Plus probablement, ça va déconfiner par morceaux. On ne va pas se démouler en bloc comme un beau foie gras. On sera gras, sans doute, après ces semaines de bernique, mais pas en bloc : ça va déconfiner par région, par tranche d’âge, par état de santé, on ne sait pas.
Usbek et Rica publie un article bluffant sur l’après. J’essaye de résumer : on s’est fait vitrifier sur place comme Pompéi. L'État est redevenu l’acteur majeur de la société. Après ne sera pas comme avant mais on ne sait pas comment. On va peut-être recommencer à être prévoyant, à produire local. Belle réflexion.
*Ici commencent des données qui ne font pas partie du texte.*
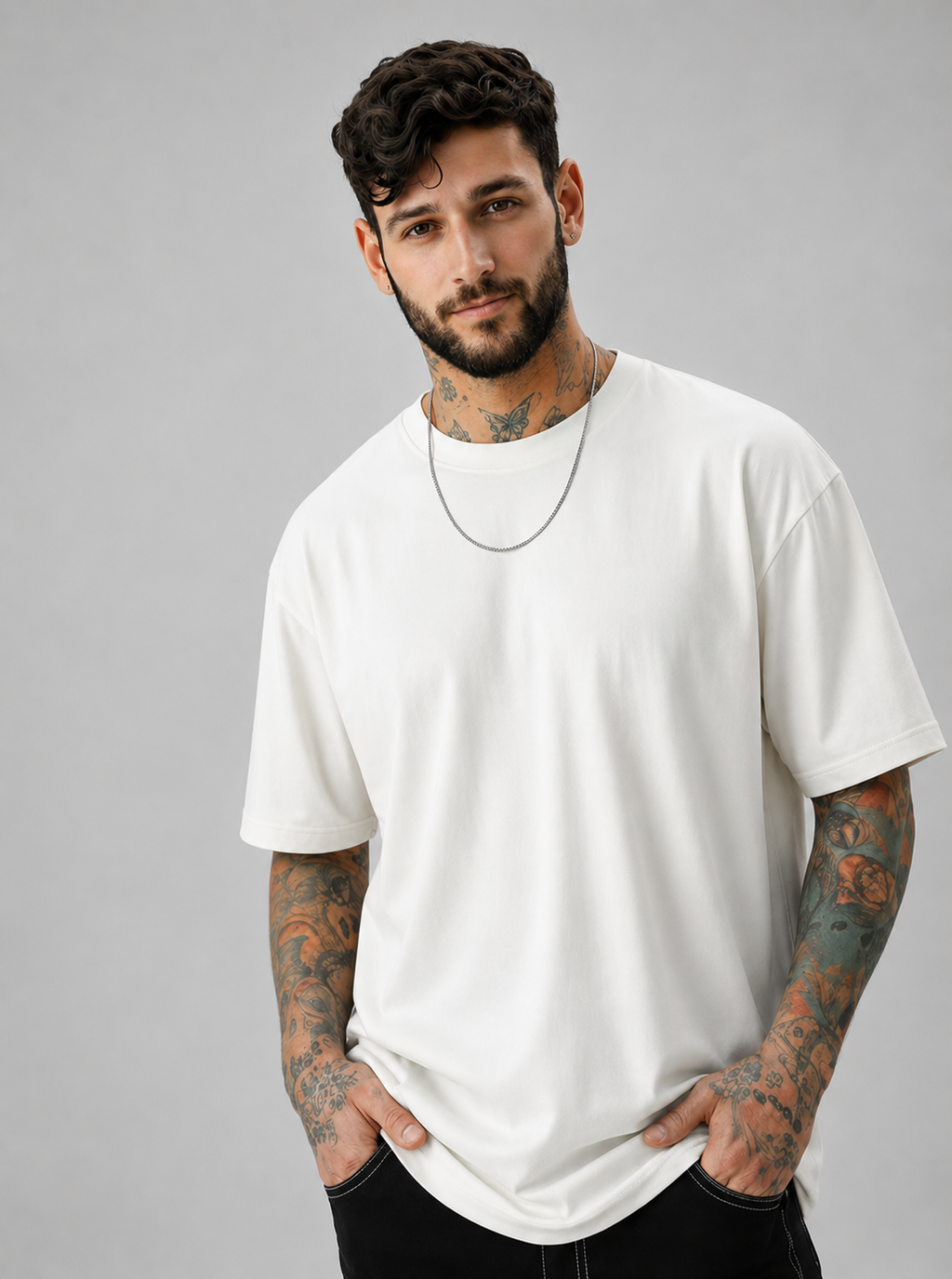 Pack of 2 solid tshirt (Off white & Maroon)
A part ça, les mauvaises nouvelles habituelles mais qui fouaillent quand même : deux premiers morts dans un bidonville en Inde. A Guayaquil en Équateur, les corps attendent le long des maisons et au bord des routes. La morgue de Milan est pleine. New-York brule, le bateau-hôpital est vide.
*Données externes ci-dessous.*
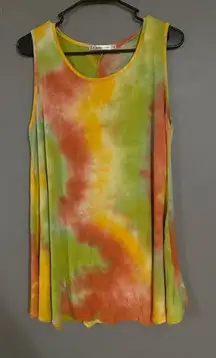 JollieLovin Tie Dye Sleeveless Tank Top Size Medium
Je prends conscience qu’on vit peut-être un tournant. Ce n’est pas que une crise mondiale, ça pourrait être un début de démondialisation, de démontage de l’Europe (ou le contraire), de retour à une pensée à moyen terme. Tout ça a des inconvénients et des avantages. Est-ce que la crise climatique, cauchemar quotidien, est subitement devenue un non-problème ?
Il va falloir commencer à lire autre chose que des courbes de morts. Par exemple, Harari l’historien génial dit en substance que nous sommes en train de prendre un coup de pied au cul cosmique. Des tas de choses qui se trainaient se mettent à cavaler comme des lapins. Des expériences sociales à grande échelle vont avoir lieu. Télétravail, oui mais aussi les ultraconservateurs américains réfléchissent au revenu universel. Ça scie la nouille un peu quand même, ça. Ils réfléchissent aussi à la façon de fliquer tout le monde comme les Chinois.
L’IFTF, agence de prospective californienne, écrit aussi sûrement des milliards de choses époustouflantes mais là excuse je n’ai pas le temps de lire tout internet. Je finis le texte du jour et on en parle demain, quand j’aurai remis mon cerveau à l’endroit.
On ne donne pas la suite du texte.